▶ INPUT DATA
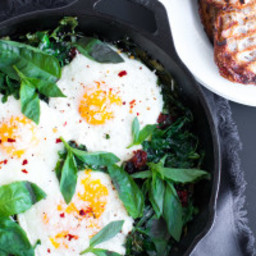 Baked Eggs with Ricotta, Greens, and Sundried Tomatoes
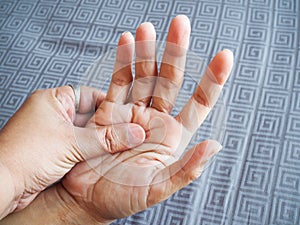 People suffering with hand pain and palms, beriberi symptom on hand nerves or inflammation of the muscles from work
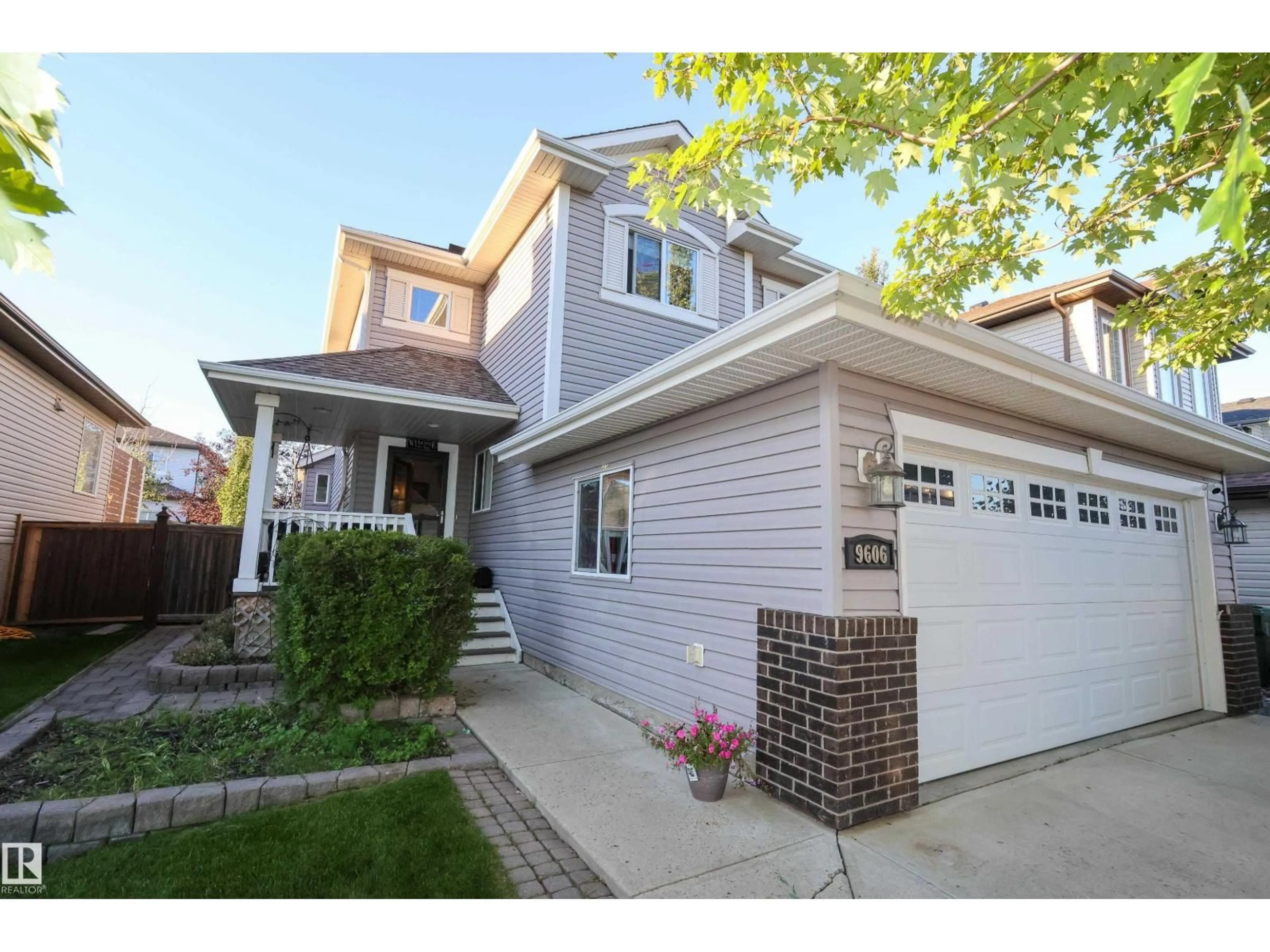 Home with vinyl exterior material, street for 9606 82 AV, Morinville Alberta T8R1W3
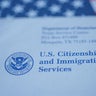 Hand touching Letter (Envelope) from USCIS on  flag of USA background. 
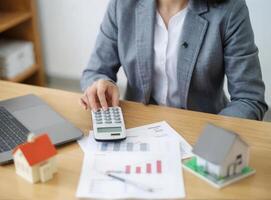 a woman sitting at a desk with a calculator and a laptop computer on it photo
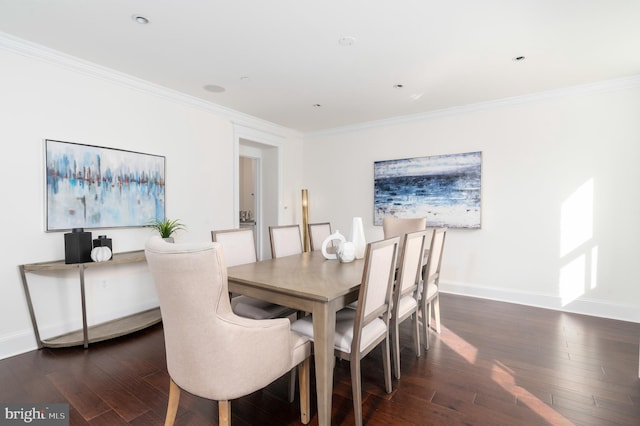 dining area featuring crown molding and dark wood-type flooring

▶ EXERCISE OBJECTIVE
Nothing but the lines from the one containing "Home with vinyl" through the end of the listing should be written out, each exactly, and pictures must be left out.

▶ RESPONSE TO THIS EXERCISE
 Home with vinyl exterior material, street for 9606 82 AV, Morinville Alberta T8R1W3
 Hand touching Letter (Envelope) from USCIS on  flag of USA background. 
 a woman sitting at a desk with a calculator and a laptop computer on it photo
 dining area featuring crown molding and dark wood-type flooring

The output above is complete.